I knew we were on our way to a Dhaka slum, but on the way, the slum wafted into the car. The sour, stomach-turning odor matched what I began seeing: fly-covered piles of trash lining the sides of this Bangladeshi road. Crows and cows picked through the festering debris, hunting for food. Plastic bags and chicken bones emerged from the piles, all cooking in the sticky 100 degree heat. And on top of the mess: a couple of barefoot, shirtless kids.
The boys wandered through the piles, looking for something to eat. My van stopped nearby, and I popped open the door, holding my breath, which only works for so long. I watched one boy, maybe five years old, as he held a piece of scrap metal and poked at the garbage. He would head in one direction, then change routes, scanning the ground.
At one point, the tan, black-haired boy picked up what looked like half of a rotten melon. He brought it to his face, took a whiff, dropped it, then silently kept on moving. He eventually disappeared from view behind a shack, near where a woman (his mother?) was prodding at another pile of trash. It was almost as if they were thinking, “surely, this is not all there is for me.”
Across the street I saw row after row of ramshackle homes. Waterfront shanties, with front lawns of blowing trash. The nearby lake was red with pollution. Who knows what chemicals had been dumped in there to make that unnatural color. Later in my trip across Bangladesh, I saw a river that was black with grime, and saw a barge pump something grey directly into a lake. I am not sure if the fishermen nearby even noticed.

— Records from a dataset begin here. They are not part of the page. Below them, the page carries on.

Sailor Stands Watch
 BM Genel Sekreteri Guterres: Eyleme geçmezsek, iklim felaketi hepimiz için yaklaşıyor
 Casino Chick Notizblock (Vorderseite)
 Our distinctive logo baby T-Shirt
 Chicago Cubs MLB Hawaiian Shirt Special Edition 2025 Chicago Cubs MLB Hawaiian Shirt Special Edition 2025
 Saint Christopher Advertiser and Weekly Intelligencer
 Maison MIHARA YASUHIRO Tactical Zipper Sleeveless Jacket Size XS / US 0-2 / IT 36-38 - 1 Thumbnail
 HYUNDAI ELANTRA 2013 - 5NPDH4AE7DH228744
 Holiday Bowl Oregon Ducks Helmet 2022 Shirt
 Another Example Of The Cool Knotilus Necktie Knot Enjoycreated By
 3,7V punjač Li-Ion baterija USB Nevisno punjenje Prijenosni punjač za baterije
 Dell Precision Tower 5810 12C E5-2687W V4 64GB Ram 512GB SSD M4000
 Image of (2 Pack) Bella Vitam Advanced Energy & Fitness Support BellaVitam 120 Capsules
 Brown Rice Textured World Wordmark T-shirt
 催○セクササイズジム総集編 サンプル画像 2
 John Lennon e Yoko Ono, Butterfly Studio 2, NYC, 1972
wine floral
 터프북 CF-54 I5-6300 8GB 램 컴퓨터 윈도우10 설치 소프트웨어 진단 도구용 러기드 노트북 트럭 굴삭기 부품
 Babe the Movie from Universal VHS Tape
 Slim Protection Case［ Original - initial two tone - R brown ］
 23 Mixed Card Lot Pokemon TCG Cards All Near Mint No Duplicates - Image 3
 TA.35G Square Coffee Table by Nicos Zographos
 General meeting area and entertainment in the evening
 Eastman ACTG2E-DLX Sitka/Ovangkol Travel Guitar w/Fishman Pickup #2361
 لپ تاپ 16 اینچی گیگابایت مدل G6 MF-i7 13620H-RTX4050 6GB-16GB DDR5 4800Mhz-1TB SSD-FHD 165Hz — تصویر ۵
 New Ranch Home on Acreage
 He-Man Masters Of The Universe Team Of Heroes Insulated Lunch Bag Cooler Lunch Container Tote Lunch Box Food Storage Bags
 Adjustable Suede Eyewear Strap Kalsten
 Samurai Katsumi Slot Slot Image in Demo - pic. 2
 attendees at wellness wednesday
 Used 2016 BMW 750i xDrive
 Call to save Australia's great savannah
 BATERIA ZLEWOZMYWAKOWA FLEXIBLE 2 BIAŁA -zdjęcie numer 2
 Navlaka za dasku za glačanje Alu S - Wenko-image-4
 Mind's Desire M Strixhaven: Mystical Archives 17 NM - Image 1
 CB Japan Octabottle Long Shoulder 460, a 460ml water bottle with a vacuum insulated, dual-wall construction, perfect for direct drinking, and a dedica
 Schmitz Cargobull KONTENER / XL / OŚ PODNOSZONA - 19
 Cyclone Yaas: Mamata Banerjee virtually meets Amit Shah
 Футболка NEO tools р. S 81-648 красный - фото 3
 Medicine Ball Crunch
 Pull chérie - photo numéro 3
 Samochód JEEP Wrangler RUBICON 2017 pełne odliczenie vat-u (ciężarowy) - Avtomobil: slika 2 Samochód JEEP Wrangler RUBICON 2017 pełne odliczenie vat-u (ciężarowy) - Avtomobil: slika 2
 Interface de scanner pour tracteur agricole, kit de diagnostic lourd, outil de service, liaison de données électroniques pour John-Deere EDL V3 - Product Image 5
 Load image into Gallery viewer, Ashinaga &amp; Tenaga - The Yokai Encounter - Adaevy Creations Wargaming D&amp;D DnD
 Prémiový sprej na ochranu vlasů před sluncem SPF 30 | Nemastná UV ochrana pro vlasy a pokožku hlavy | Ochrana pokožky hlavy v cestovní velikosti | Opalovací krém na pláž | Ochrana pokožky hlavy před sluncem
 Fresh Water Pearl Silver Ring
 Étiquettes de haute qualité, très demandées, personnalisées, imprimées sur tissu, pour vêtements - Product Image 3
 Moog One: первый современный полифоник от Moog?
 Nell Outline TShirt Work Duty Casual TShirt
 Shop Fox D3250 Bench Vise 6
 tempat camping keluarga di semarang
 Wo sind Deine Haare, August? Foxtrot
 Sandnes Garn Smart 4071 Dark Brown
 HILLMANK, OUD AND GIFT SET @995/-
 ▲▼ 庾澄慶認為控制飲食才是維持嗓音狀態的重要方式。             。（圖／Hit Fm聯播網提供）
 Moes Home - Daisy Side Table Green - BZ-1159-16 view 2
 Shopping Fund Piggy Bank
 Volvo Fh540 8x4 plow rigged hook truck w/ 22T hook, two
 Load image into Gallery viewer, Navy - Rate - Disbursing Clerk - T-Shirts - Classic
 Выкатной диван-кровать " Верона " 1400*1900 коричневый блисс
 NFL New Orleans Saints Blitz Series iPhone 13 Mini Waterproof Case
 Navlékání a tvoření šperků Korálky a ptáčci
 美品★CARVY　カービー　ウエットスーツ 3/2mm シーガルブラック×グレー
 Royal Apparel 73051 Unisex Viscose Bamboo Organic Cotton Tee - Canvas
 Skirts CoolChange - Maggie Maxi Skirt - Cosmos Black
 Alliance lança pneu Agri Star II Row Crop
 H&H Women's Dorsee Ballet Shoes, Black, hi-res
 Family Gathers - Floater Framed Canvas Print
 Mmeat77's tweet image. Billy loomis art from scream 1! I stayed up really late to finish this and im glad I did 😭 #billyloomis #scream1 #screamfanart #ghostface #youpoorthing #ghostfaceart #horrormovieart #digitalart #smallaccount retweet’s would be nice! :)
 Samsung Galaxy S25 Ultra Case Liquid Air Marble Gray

Without a doubt, this experience is depressing. Still, I know that World Concern is doing something to change this situation. A few minutes after we drove away from the slum, we visited a woman now able to provide for her family because of a small business loan. After that, I met another woman who has a growing screen-printing business because of World Concern.
We can’t take care of all of the problems in this slum, but we are doing what we can to change the picture of poverty here, one person at a time.